*Exercise instructions:*
Please set down only the lines below starting with the line with "a vendre pigeon texans 2024" and going on through the line with "<i>Collybia sordida</i> (Schumach.)", verbatim and without pictures.

*Recorded data:*
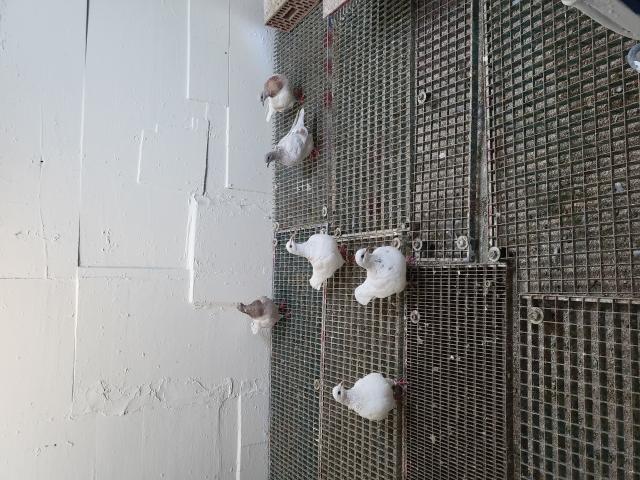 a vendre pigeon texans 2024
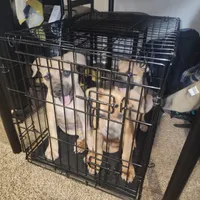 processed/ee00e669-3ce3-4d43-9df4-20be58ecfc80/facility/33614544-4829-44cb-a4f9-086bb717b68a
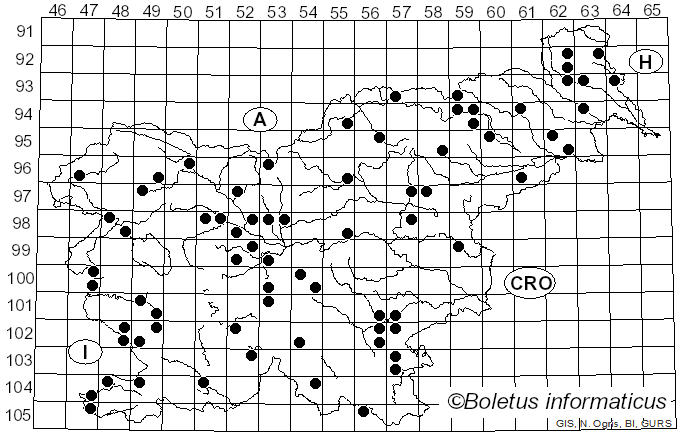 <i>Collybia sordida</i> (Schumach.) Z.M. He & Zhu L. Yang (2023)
--
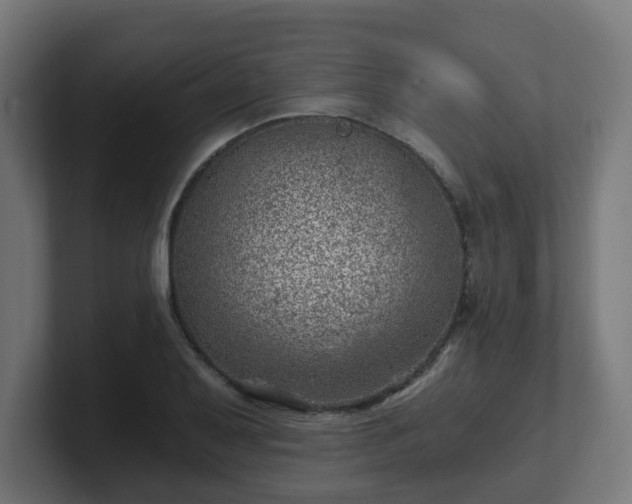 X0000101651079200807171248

*Answer space:*
 a vendre pigeon texans 2024
 processed/ee00e669-3ce3-4d43-9df4-20be58ecfc80/facility/33614544-4829-44cb-a4f9-086bb717b68a
 <i>Collybia sordida</i> (Schumach.) Z.M. He & Zhu L. Yang (2023)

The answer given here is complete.